Five flats in each nutrient treatment were given the pathogen treatment. For this treatment, 2 μl of a spore suspension of H. parasitica Noco2 was placed on each cotyledon of a seedling. This was done once a day for 3 consecutive days, starting 1 week after planting with spore concentrations of 5.2 × 104/ml, 4.0 × 104/ml, and 12.5 × 104/ml, respectively, on those 3 days. These were the highest concentrations achievable following dilution of the original spore sample gathered that day from stock material. The other four flats in each nutrient treatment had 2 μl of distilled water placed on each cotyledon at the same time at which the other flats were infected. One week after the last inoculation, plants were assayed for disease when the disease phenotype was fully developed. The disease rating was determined by the coverage of conidiospores on the two cotyledons, which were the only leaves present on most plants. The disease rating scale was the following: 0 for no spores, 1 for spores covering <50% of one leaf, 2 for spores covering >50% of one leaf, 3 for spores covering <50% of both leaves, 4 for spores covering <50% of one leaf and >50% of the other leaf, and 5 for spores covering >50% of both leaves. This scale was used for all statistical analyses, but categories 2, 3, and 4 contained few individuals so categories 2, 3, and 4 are joined with category 1 in the figures.
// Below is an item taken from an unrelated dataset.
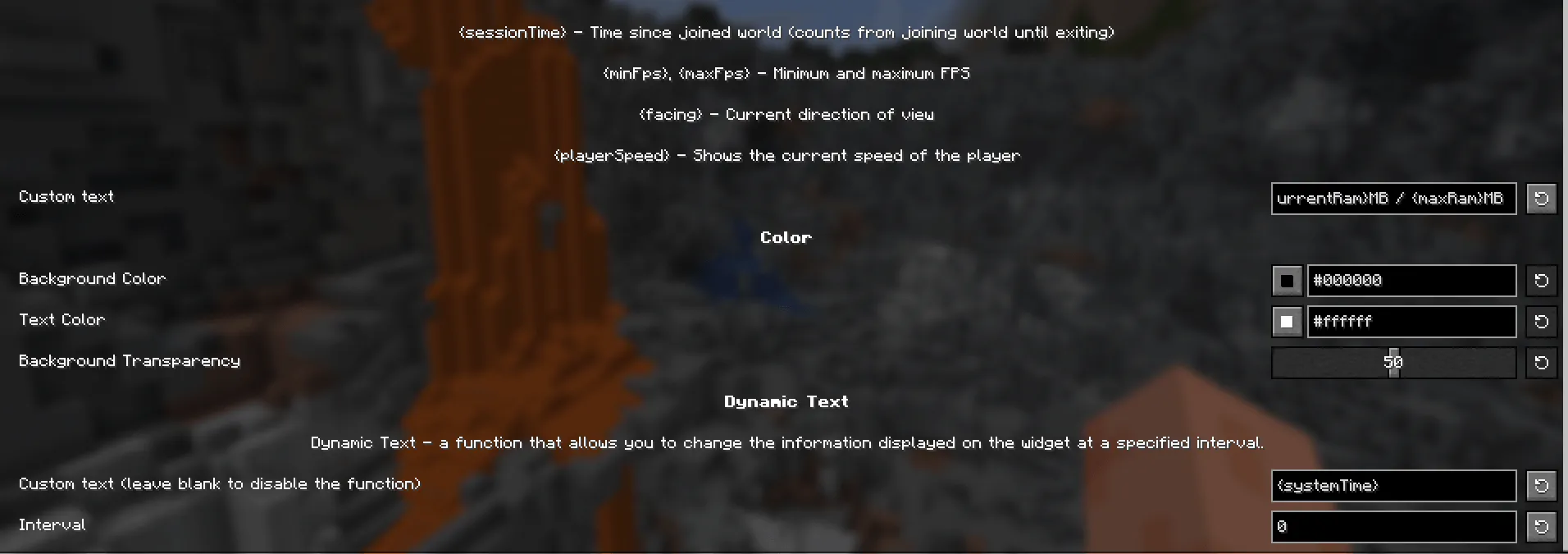 Info Overlay, Моды, Minecraft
H. parasitica requires high humidity, usually >95% relative humidity, to sporulate and therefore at the start of the experiment the flats had transparent plastic domes over them to make the conditions permissible for the pathogen. Additionally, the domes prevented the spread of conidiospores from infected flats to uninfected flats. The domes raised the humidity level to ∼100%. The temperature inside the domes was kept at ∼16° during the day and 14° during the night by maintaining the temperature in the growth chamber at 9° during the day and 14° during the night. At 2.5 weeks after planting, after the disease rating was measured, the plastic domes were removed and the temperature in the chamber was changed to 22° in the day and 14° in the night with 60% relative humidity to prevent further sporulation and spread of the pathogen. Additionally, all plants were sprayed thoroughly with distilled water when the domes were removed, washing spores off infected plants. No further infections or sporulation was seen once spores were washed off and the humidity lowered. Throughout, the light/dark cycle was 14 hr/10 hr with a light level of 450 mE/sec/m2. Flat locations were randomized within the chamber every week and, starting at 1 month, cells were randomized between flats within nutrient treatments.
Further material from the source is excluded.